In a tabloid media world, there is not a lot of respect demonstrated liken the one Doug gives to the young couple in Bedroom Radio. This very beautiful film about Yvonne and Gary, who try to make a living in a hard social environment in Glasgow is a small masterpiece. She is around 20 but has already three children and he has one big passion: To make radio. That is the story that is followed over a long period where he fights with the authorities as the radio transmit is illegal – right to the point where Gary dies in an accident that has nothing to do with his radio activity.
I have been travelling a lot to ex-Yugoslavia due to my work and I have found great pleasure in watching the four films that Doug has made from this region during and after the wars: Louder than Bombs and A Different Pitch with football trainer Scotty Lee as the main character who trains kids in football and in how to avoid the minefields. And Victims of Geography and See you in the Next War.
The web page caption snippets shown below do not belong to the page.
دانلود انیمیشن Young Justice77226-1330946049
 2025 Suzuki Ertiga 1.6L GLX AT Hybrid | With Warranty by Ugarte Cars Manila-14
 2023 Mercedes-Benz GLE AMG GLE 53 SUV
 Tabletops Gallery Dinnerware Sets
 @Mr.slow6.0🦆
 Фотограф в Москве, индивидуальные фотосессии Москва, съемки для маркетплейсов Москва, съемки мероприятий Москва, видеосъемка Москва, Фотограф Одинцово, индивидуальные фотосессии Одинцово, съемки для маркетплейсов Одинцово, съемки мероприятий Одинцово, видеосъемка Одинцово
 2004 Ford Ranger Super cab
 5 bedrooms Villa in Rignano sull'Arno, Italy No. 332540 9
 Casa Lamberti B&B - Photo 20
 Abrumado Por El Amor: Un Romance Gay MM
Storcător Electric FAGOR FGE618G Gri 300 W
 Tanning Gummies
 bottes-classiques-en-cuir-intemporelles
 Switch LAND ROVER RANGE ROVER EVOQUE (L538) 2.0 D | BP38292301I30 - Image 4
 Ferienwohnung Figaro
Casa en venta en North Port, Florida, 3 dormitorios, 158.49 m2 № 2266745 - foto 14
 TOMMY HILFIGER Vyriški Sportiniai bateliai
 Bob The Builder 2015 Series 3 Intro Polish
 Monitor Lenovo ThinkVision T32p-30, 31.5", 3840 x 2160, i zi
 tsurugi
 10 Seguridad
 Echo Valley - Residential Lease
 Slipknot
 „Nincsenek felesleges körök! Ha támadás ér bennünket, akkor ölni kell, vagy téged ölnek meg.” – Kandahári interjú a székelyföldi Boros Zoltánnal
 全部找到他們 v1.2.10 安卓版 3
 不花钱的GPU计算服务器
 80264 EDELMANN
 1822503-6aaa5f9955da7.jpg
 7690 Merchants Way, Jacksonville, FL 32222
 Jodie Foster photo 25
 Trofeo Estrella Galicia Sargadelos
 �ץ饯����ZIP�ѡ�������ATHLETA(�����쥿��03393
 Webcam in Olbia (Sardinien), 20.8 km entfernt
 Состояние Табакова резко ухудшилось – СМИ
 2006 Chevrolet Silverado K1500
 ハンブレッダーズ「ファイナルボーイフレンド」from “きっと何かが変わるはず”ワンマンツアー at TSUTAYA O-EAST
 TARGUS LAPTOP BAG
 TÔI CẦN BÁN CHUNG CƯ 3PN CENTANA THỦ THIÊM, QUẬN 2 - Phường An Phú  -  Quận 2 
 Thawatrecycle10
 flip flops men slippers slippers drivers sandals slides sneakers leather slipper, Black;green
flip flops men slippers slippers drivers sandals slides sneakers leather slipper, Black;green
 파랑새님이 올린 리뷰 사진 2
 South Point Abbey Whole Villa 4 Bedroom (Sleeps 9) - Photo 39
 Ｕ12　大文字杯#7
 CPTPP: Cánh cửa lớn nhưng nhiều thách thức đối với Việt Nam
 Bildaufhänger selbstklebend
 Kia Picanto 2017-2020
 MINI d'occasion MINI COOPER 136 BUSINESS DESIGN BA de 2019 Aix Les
I just saw the latter again and recognised that Doug’s skills not only include that it is easy for him to win the confidence of the characters – he also conveys to us the development that happens to them as the one with Gordan, the B92 dj who grows in importance in the film. From being a person who comments on the state of Serbia and freedom, but also doubts the future in the personal black humourous way that is very characteristic for the Serbs.
Time is of course a key element for a documentary maker as Doug. He knows that you need to stay long with the characters and in the situations that unfold in a reality that is uncontrollable. You just have to be there with yourself, your camera and your personal integrity. You have to be able to catch what goes on and to listen and observe. But you also have to have a heart for people in need or for people committed to a cause like the sympathetic policeman in Harrigan´s Beat or for Peri in Kurdi, another strong, actual and relevant humanistic documentary from Doug Aubrey.